Here is California's review of digital high school textbooks. As AP reports, Gov.
Written by Richard Koman, Contributor

Here is California's review of digital high school textbooks. As AP reports, Gov. Arnold Schwarzenegger has been promoting the idea that schools would use these free texts as a way to save money and bring education into the 21st century.

First, it's interesting to note that it's nonprofits, not the textbook giants, who are producing the best books. The state looked at 16 titles and found that 10 of them met 90% of the state standards. Only four met 100% -- and three of them were produced by the nonprofit CK-12 Foundation.

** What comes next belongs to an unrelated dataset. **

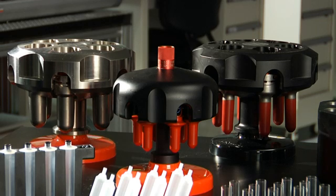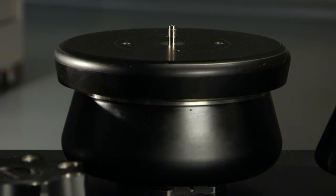A total system approach to your ultra-centrifuge needs — instruments, rotors and labware to complete the job, no matter the requirements.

CK-12's other books all scored at least 94%.

By contrast, Pearson Education's Biology text scored a lousy 42 percent. On the other hand, Wiki-oriented groups like Curriki didn't even come close to meeting the California standards; obviously they weren't writing to the standards.

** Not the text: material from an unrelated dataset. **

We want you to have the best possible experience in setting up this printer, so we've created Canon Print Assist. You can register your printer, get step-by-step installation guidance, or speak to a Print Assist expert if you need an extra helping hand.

On San Francisco KQED-FM's Forum, Cal. Sec of Education Glen Thomas side-stepped the fact that schools don't have any budget for the laptops or PDAs that would allow student to interact with digital textbooks. His answer: Teachers can print out the books, or chapters, if the students don't have laptops. This initiative, he said, doesn't address the hardware issue.

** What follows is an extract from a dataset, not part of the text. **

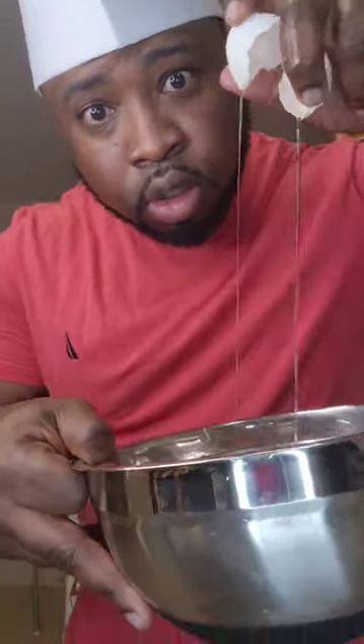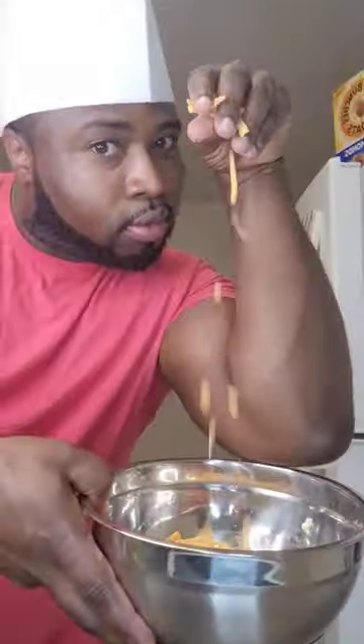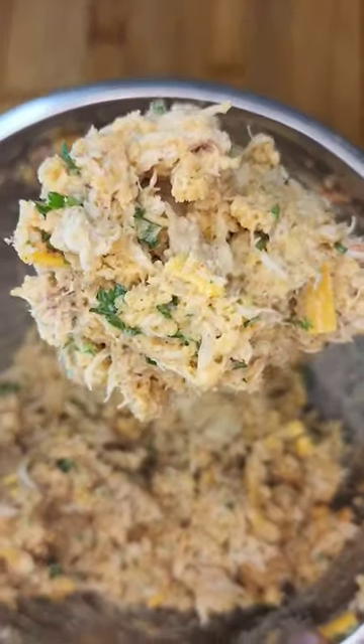I used crab claws for my crab cake mix. I threw that in a bowl, hit it with an egg, threw in some granulated garlic, some paprika, two scoops of mayo, some toasted Japanese breadcrumbs, and a little bit of cheddar cheese. Hand shred it.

Hardware's not the only problem with implementing digital texts, school districts say. Here's a report from southern California:

There's a number of steps that need to take place before we can implement digital textbooks," said Tim Ward, Chaffey Joint Union High School District's assistant superintendent of instruction. "We haven't been able to broach those things yet because we're still struggling with our budget."

It's an interesting idea, and it would be something the districts will take on in the future," said Tim McGillivray, spokesman for Pomona Unified School District. "It's not a good time to for some school districts to take this on at this time, especially because of budget cuts. "I would say digital textbooks are a luxury at this point and that very few California school will be using it."

Hmm, no funding for hardware, no funding for teacher training, no requirement to implement. Sounds like pissing in the wind.